Le donne si stanno svegliando dal torpore patriarcale millenario. È una donna che ha pieno controllo della sua vita, non transige ed è molto diretta. Oggi è più facile per una donna esprimere il suo risentimento, quello che è veramente. Non si tratta di una vendetta, ma dell’affermazione della personalità in base alle proprie convinzioni. Una storia che rivela la bellezza e la purezza del personaggio, oltre alla sua sofferenza, riassumendo al meglio la storia delle donne in generale. Per dire senza violenza, ma con grande chiarezza, come non sia più possibile andare avanti così. Si assume pienamente le sue responsabilità. Ha un codice d’onore che è pronta ad applicare anche a sé stessa, è un samurai. Trovo che ridare alle donne delle armi per esprimere il proprio io più profondo sia di grande attualità.

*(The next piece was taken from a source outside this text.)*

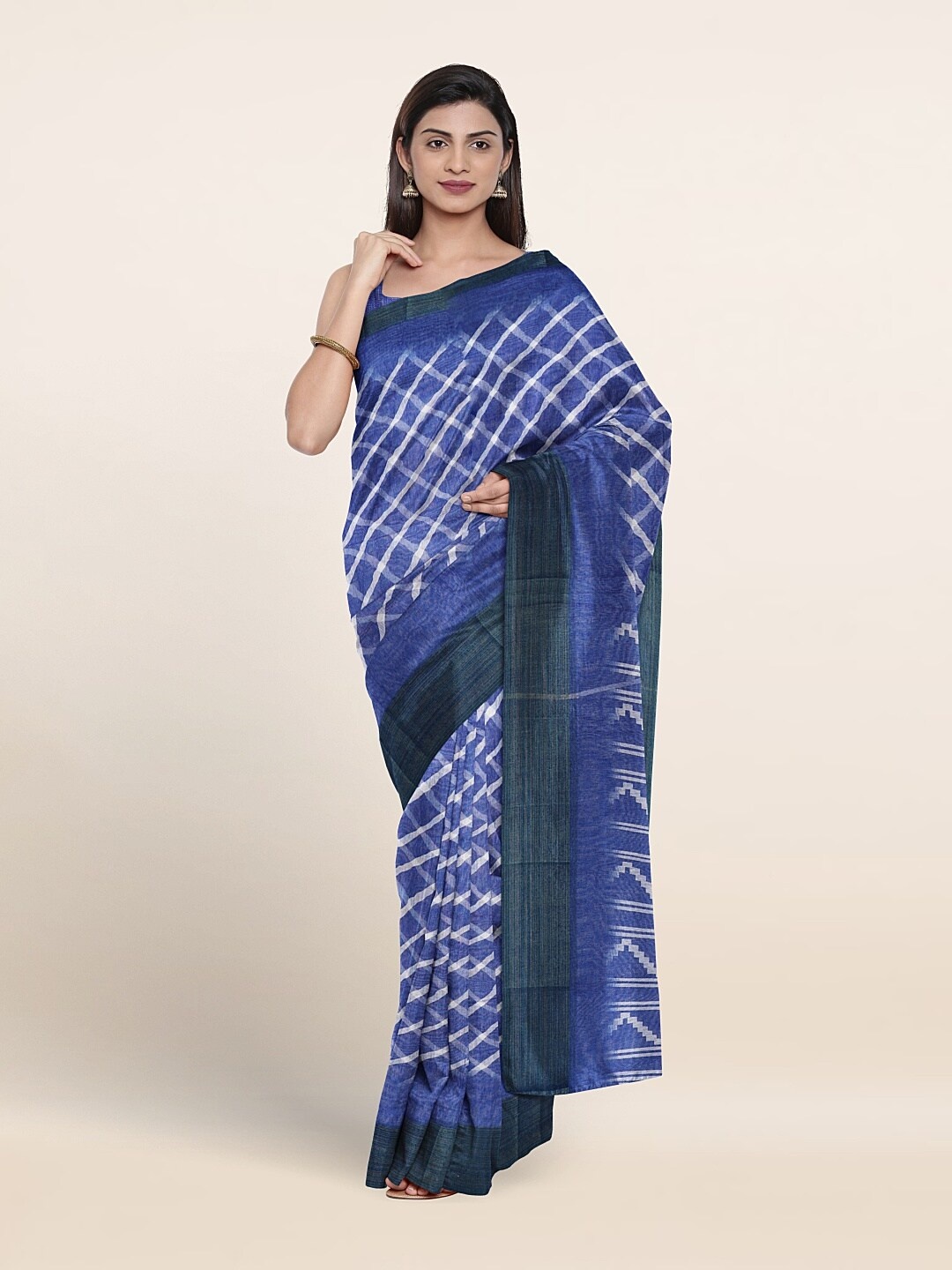 

Pothys Checked Zari Saree, Blue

È per questo che questo personaggio mi ha molto toccato. 

In una società che parla e spiega tutto, il film solleva più che altro interrogativi. 

Non bisogna sempre spiegare tutto. Oggi si vuole sapere e comprendere tutto anche prima che accada. Come con i trailer, io non li sopporto. Se li vedo poi non ho più bisogno di andare al cinema, so tutto il film. Amo essere sorpresa, dare fiducia a uno spettacolo, a una mostra. Mi piace scoprire, compiere il mio cammino personale, non venire condotta per mano. Il film non ti viene spiegato, vive al momento presente. Non sappiamo cosa ci riserva il futuro, pensiamo di sapere tanto, ma sono delle proiezioni di quello che già sappiamo. Nel film succede qualcosa di totalmente inatteso, che impone la sua presenza nel percorso di questa storia. Non si può mettere nel trailer, non si può dire tutto. È film di atmosfera, di percezioni, anche scioccante, ci sono scene molto violente, ma senza molte parole. Se ne usano sempre troppe. 

 

Il suo personaggio instaura un rapporto molto forte con i luoghi che la circondano. 

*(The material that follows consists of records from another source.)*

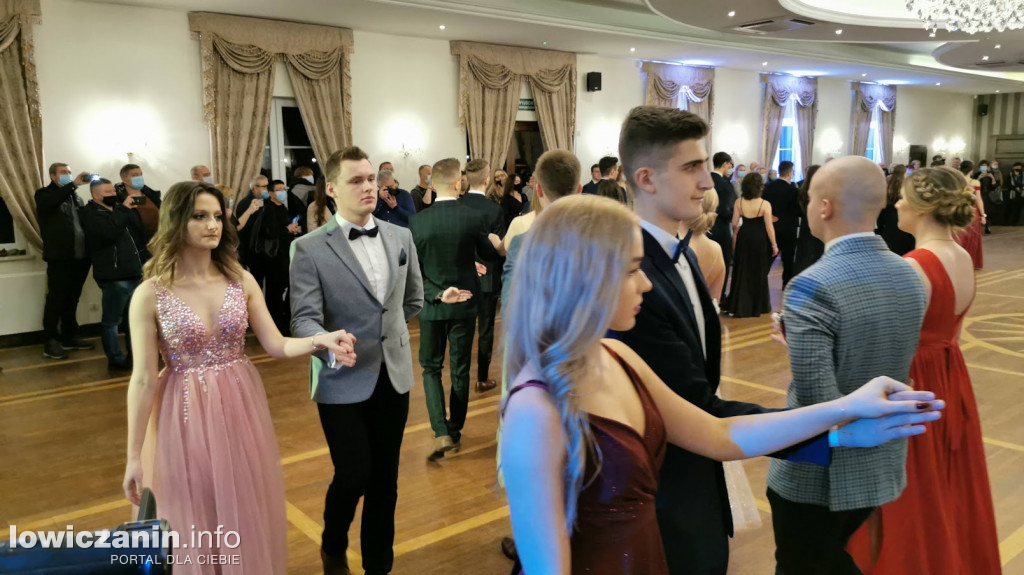 Studniówka I LO w Łowiczu 2022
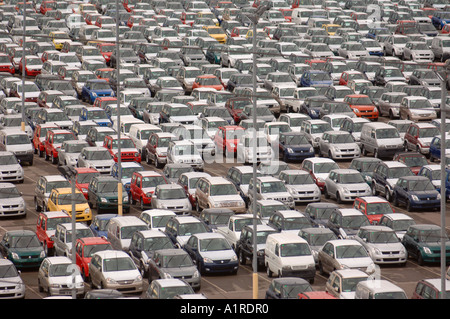 NEW SUZUKI CARS AND VANS PARKED AT AVONMOUTH DOCKS NEAR BRISTOL UK Stock Photo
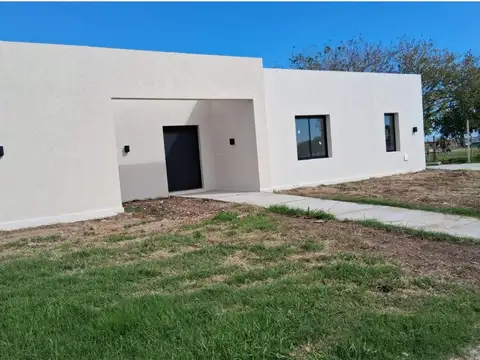 Casa en Venta con 4 cocheras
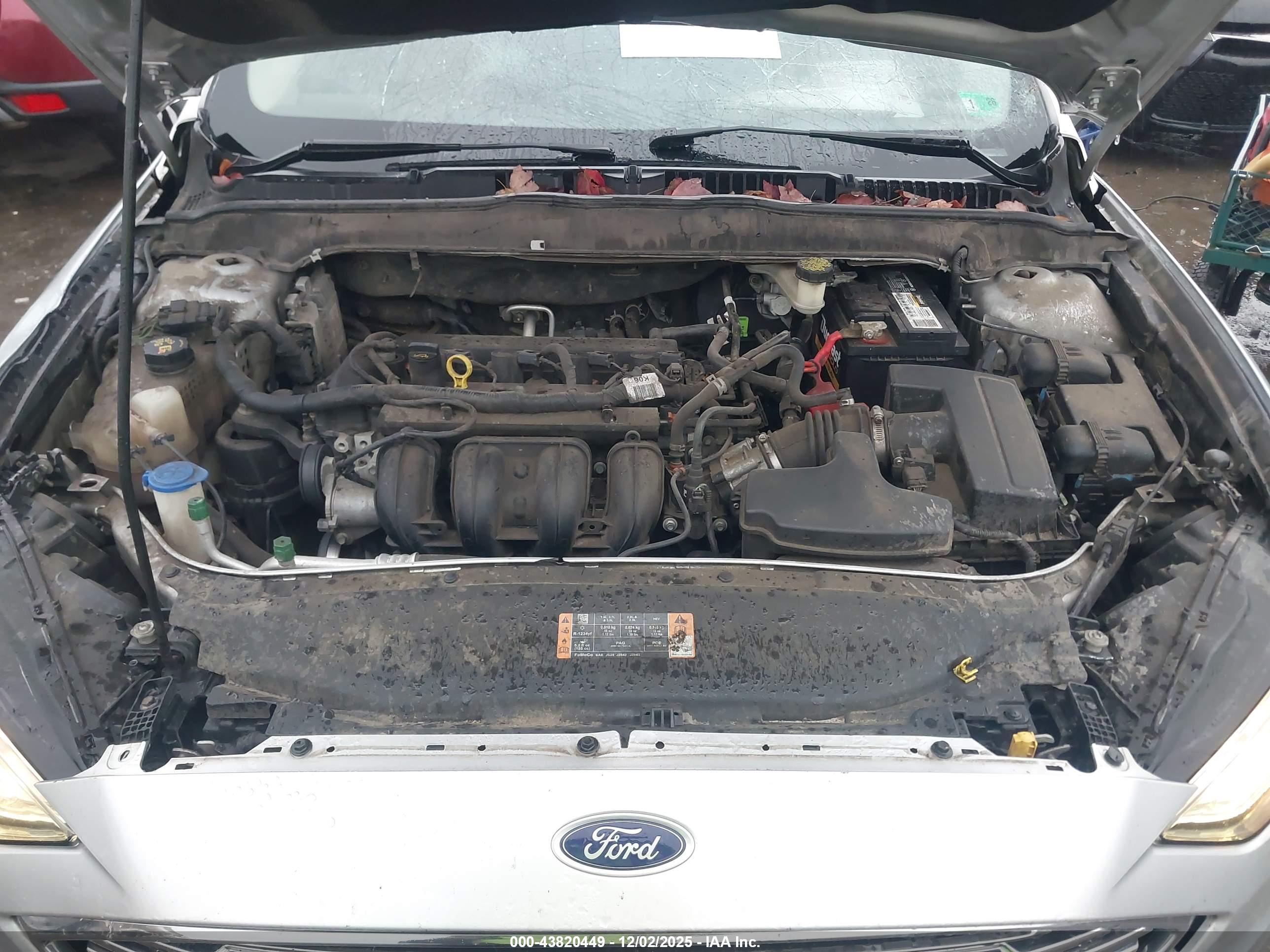FORD FUSION image 10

I luoghi raccontano la vita delle persone: l’abitazione, la città in cui hanno scelto di vivere, la famiglia. È chiaro che questa donna ama la natura, la calma. Come poliziotta vive ogni giorno delle cose terribili, con distacco e allo stesso tempo umanità. È una vita dura, ha bisogno dell’equilibrio dato da suo marito, la casa, andare a correre nei boschi, concentrarsi tirando con l’arco. È una donna che cerca equilibrio, il senso delle cose, riflette, scrive. Ma l’equilibrio è sempre fragile. 

Sono importanti gli incontri con gli autori per indirizzare le sue scelte di attrice? 

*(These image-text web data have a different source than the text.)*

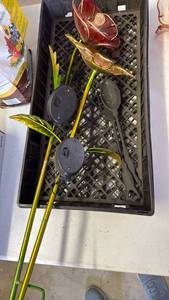 lot 3088 image: 2 solar flowers and 2 plastic plant trays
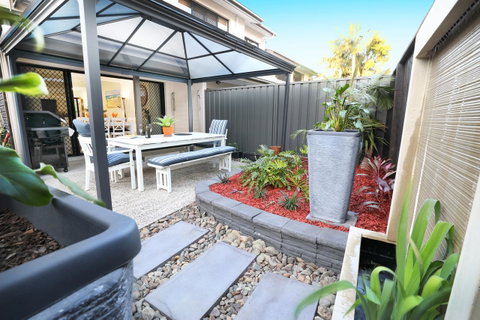 Lotus Retreat - Suburb Australia 12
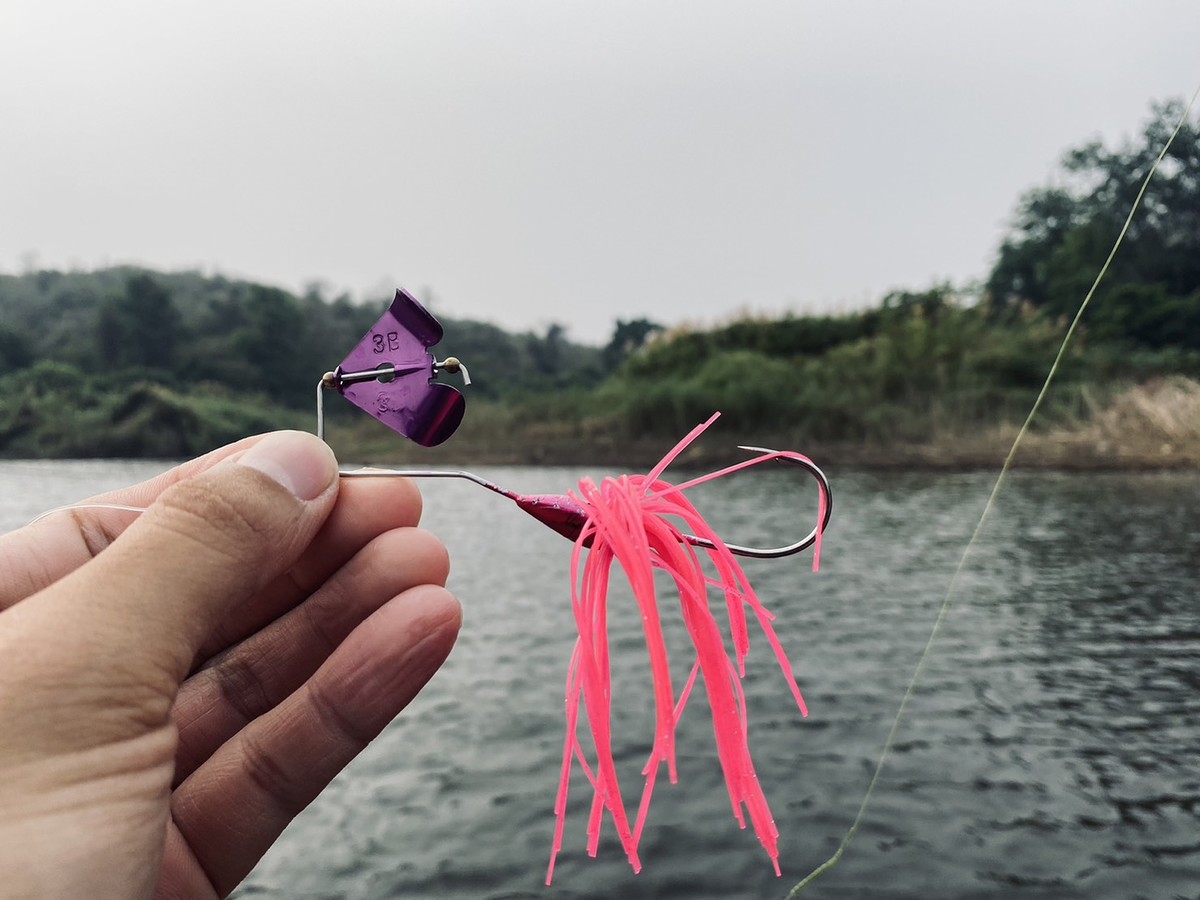 "ฺBuzzbait 3B" น้าเอเชียร์ให้เราลองใช้เหยื่อตัวนี้ เพราะหลายวันที่ผ่านมา แกได้พาลูกค้ามาตกและใช้เหยื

Devono darmi cose differenti. Odio ripetermi, non sono capace di fare due volte la stessa cosa. Detesto con tutta me stessa l’idea di rifugiarmi in ruoli sempre uguali in cui sentirmi a mio agio. La migliore probabilità che mi impegni a fare qualcosa è quando leggo una storia di cui non so niente di un autore che non conosco. Già l’idea di qualcuno o qualcosa che conosco mi annoia. Non conoscevo il lavoro di Jean Paul Civeyrac, quando ho letto la sceneggiatura. È un grande innamorato del cinema, che conosce bene e rispetta nella sua messa in scena. Mi ha trasportato nel suo mondo. È stata una scoperta.